In Freeport, the town continues to negotiate with a private landowner for a pedestrian right of way between public parking on Depot Street and the adjacent passenger loading platform. If no agreement is reached before a Sept. 18 public hearing, the town council likely will vote to take the small parcel by eminent domain.

In Brunswick, the issue of an overnight layover facility between Standwood Street and Church Road — which would shelter trains, personnel and equipment indoors — remains in financial and design limbo, with neighboring property owners concerned about noise, fumes and traffic.

But the current stage of a process that’s taken more than five years to plan and two years to execute finally is almost done. For the first time in decades, passengers can ride the rails out of Brunswick and Freeport.

It reminds Ed Bonney of his college days in the 1950s.

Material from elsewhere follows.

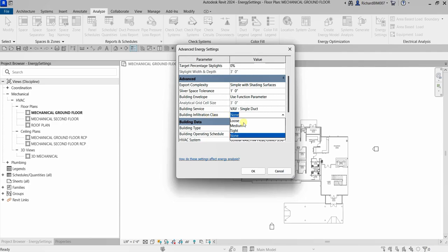According to Revit's help documentation, Loose is 0.076 CFM per square foot for tightly constructed walls; Medium is 0.038 CFM per square foot; Tight is 0.019 CFM per square foot for tightly constructed walls; and None means infiltration is excluded from the calculation of loads.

“A few of my friends and I went to college in Boston and we would get home any way we could on weekends,” said Bonney, chairman of Freeport’s Train Station Committee.

“But on Sunday afternoons, there we were, all standing back at the Freeport station and waiting to catch the Maine Central Railroad to Union Station in Portland, and then the Boston & Maine Railroad back to school,” he said.

Northern New England Passenger Rail Authority ridership estimates project 36,500 new riders annually after the first full year of expanded service. According to agency director Patricia Quinn, the Downeaster carried 528,292 people in during its 2011-12 fiscal year — 11 percent more than the previous year and more than any other period in its 10-year history.